Duty to preserve documents

The most notable change for non-lawyers is the duty to preserve evidence, in particular electronic records. Unlike in the US, there is no tort of “spoilation of evidence” in New Zealand. There can still be serious consequences for destroying evidence, but the threshhold is unclear and there has not generally been a positive duty to preserve documents for the purposes of potential litigation.

The proposed rule 8.3 will change that. It requires a person who knows that a document is “reasonably likely” to be relevant to a legal dispute (whether or not any dispute has arisen) to take “all reasonable steps to preserve that document”. The term “knows” here is likely to be taken as meaning “ought reasonably to know”.

In particular, the rule will require that potentially relevant electronic documents “must be preserved in readily retrievable form even if they would otherwise be deleted in the ordinary course of business”.

The most obvious type of document here is email. Many businesses let their users fully manage their own emails. If a user deletes an email from their inbox, it may be impossible to recover. This new rule will require prudent businesses to ensure there are proper processes in place for retaining important emails. Under the new Limitation Act, it may be necessary to ensure retention of some records for up to 15 years, which is the duration of the new law’s “longstop” limitation period.

The proposed rules do not set out a penalty for failing to preserve documents, but a Court may make adverse findings, or even impose more serious sanctions such as contempt of court, against a party who fails to preserve documents.

While it is far from Sarbanes-Oxley, this change is welcome and good for the interests of justice.

The rules are expected to be implemented by early 2012.

Discovering bandwidth constraints

My firm is currently representing a New Zealand software vendor in a litigation in the US against a large, US-based multinational vendor. Like much commercial litigation these days, this has involved processing huge amounts of data to complete the legal “discovery” process. In this case, it has involved sending gigabytes of discovery data back and forwards across the Pacific, as well as within New Zealand and other locations around the world.

Where possible, we have been using secure online services to perform these large transfers (security obviously being a key requirement). However transmitting batches of files of 6+ GB (not unusual for major litigations these days) to California has highlighted New Zealand’s lag in high speed internet connectivity. In particular, the “A” in ADSL comes to the fore, as it means upload speeds from our office are considerably slower than download speeds. Last week it took about 24 hours to transmit 4.2 GB of data to the US, a rate of 210 MB per hour, or about 48 K per second. Plus, it ate up our monthly usage cap.

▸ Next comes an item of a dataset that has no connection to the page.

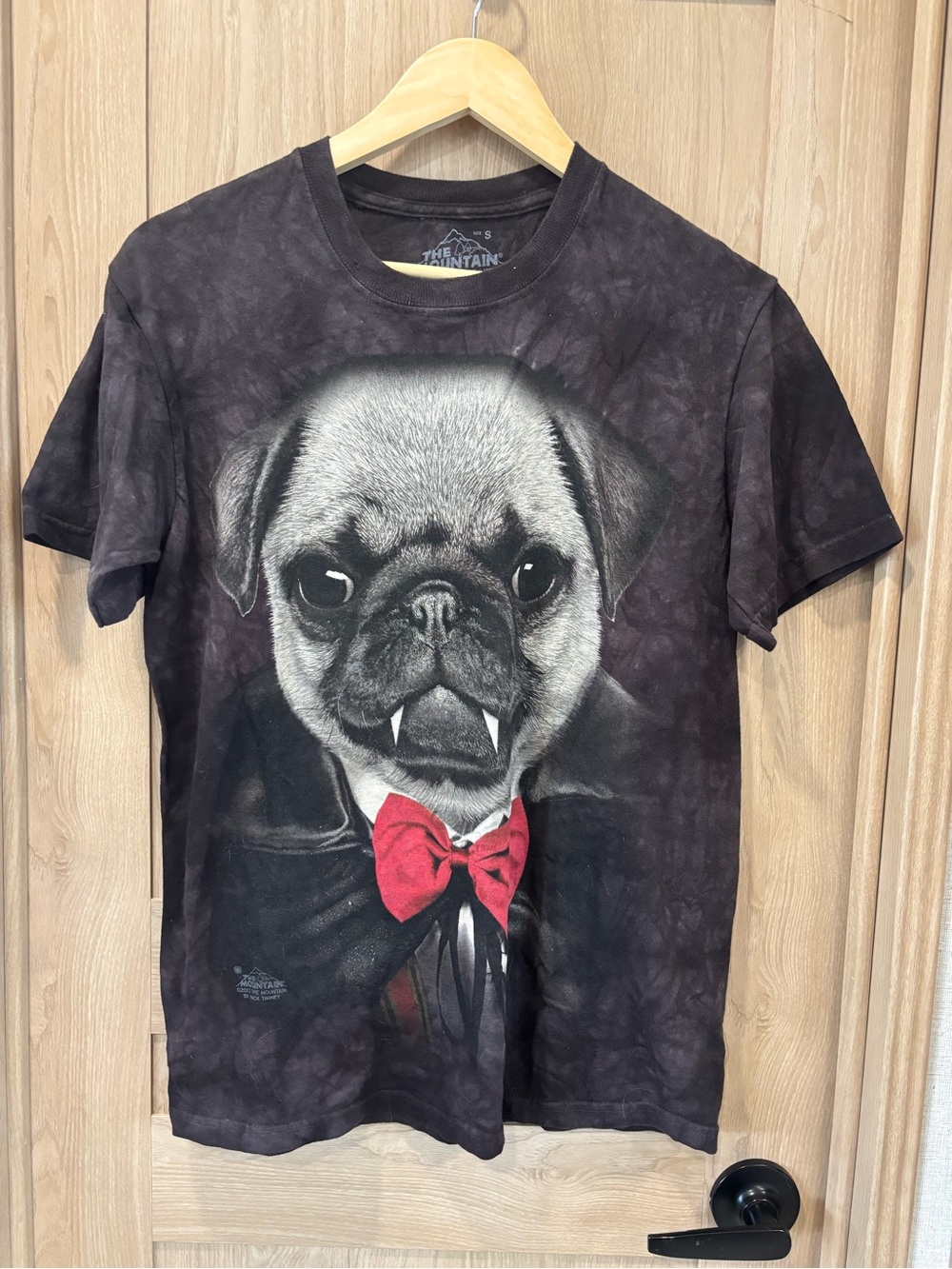 The Mountain T Shirt Size S Vampire Pug Dog Halloween Goth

For some data, it was simpler to have it FedEx’d across on DVD and portable hard-drive.

We have also experienced the sad state of affairs where it has literally been quicker and easier for our client (in Auckland) to jump in his car and hand-deliver DVDs of data to us (also in Auckland), than to transmit it via the internet. Admittedly we are talking about gigabytes worth of data, but that is not unusual these days.

So I will add international litigation to the growing list of “reasons why New Zealand businesses need high-speed, reliable, uncapped internet connectivity”.

Buyer beware… of getting what you ask for

A recent UK technology case gives a good example of “buyer beware” and “you get what you pay for” in technology procurement.

The case is London Borough of Southwark v IBM UK [2011] EWHC 599 (TCC). Computerworld has a good write-up of the facts.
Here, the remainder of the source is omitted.